SEC Dismisses Lawsuit Against Binance: A New Era for Cryptocurrency Regulation?

SEC Dismisses Lawsuit Against Binance, Marking Shift in Crypto Regulation

By Jonathan Stempel
May 30, 2025

In a significant development for the cryptocurrency sector, the U.S. Securities and Exchange Commission (SEC) has voluntarily dismissed its civil lawsuit against Binance, the world’s largest cryptocurrency exchange. This move indicates a notable shift in regulatory approaches to cryptocurrencies, coinciding with a broader change in enforcement tactics since Donald Trump returned to the White House.

Dismissal of Lawsuit

On May 29, 2025, a joint stipulation of dismissal was filed in the federal court in Washington, D.C. This document was signed by legal representatives from the SEC, Binance, and Changpeng Zhao, the founder of Binance. The SEC stated that the dismissal was made "in the exercise of its discretion and as a policy matter" without indicating any views on existing or future cryptocurrency litigation.
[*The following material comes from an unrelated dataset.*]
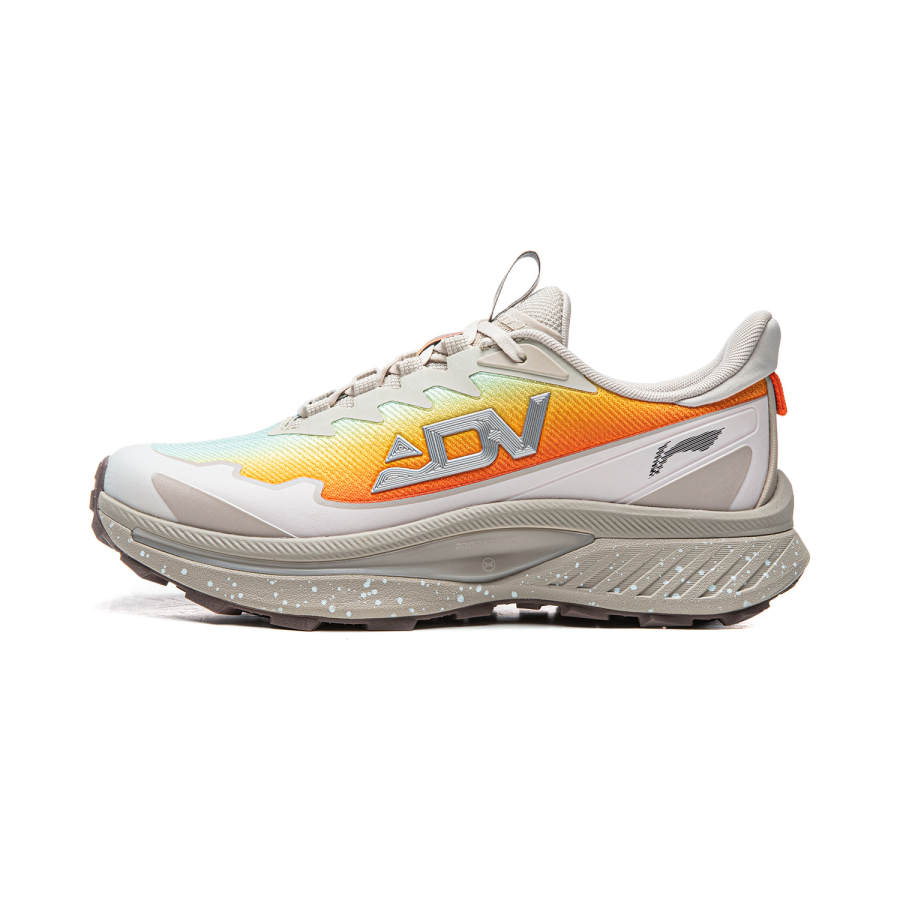 Li-Ning Li Ning Chasing The Sky Cushioning Slip Resistant Abrasion Resistant Rebound Low top Trail Running Shoes Women's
Importantly, the suit was dismissed with prejudice, meaning that the SEC cannot refile the case against Binance in the future.

Response from Binance

Following the dismissal, a spokesperson for Binance expressed gratitude towards SEC Chairman Paul Atkins and the Trump administration for their recognition that "innovation can’t thrive under regulation by enforcement." Binance’s interpretation of the dismissal is that it represents a "landmark moment" for the crypto industry, which has often voiced concerns regarding regulatory frameworks affecting its growth.

Background of the Case

The SEC’s original lawsuit, which was filed in June 2023, accused Binance and Zhao of practices such as artificially inflating trading volumes, misappropriating customer funds, and misleading investors regarding the exchange’s surveillance controls. Additionally, the SEC alleged that Binance unlawfully facilitated the trading of certain cryptocurrency tokens that the agency believed should have been registered as securities.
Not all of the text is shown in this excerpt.